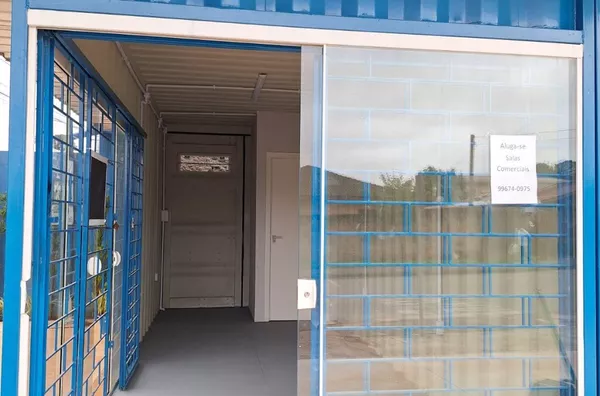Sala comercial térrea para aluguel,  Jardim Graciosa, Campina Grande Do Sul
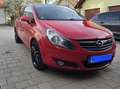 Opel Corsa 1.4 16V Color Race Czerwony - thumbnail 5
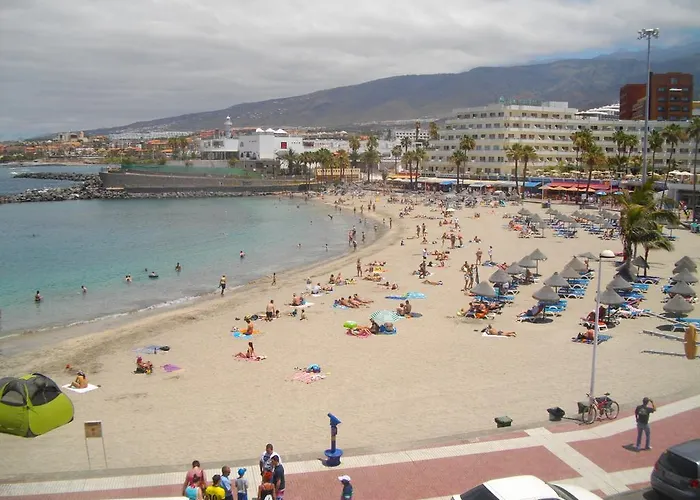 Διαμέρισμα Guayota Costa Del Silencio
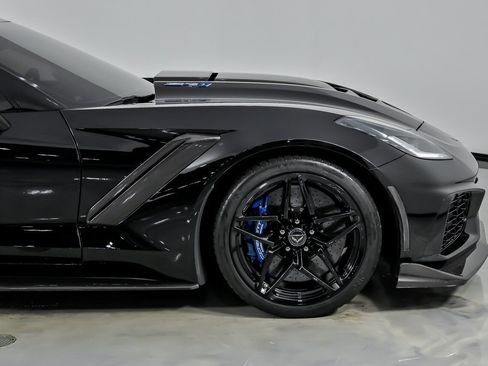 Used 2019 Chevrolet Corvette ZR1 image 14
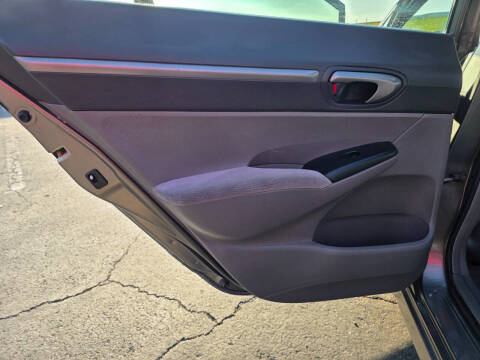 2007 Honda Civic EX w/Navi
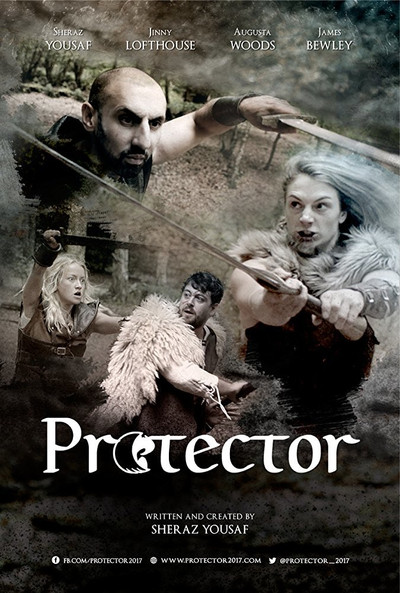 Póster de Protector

= = =

Every record above must be repeated exactly, with the pictures dropped.

Sala comercial térrea para aluguel,  Jardim Graciosa, Campina Grande Do Sul
 Opel Corsa 1.4 16V Color Race Czerwony - thumbnail 5
 Διαμέρισμα Guayota Costa Del Silencio
 Used 2019 Chevrolet Corvette ZR1 image 14
 2007 Honda Civic EX w/Navi
 Póster de Protector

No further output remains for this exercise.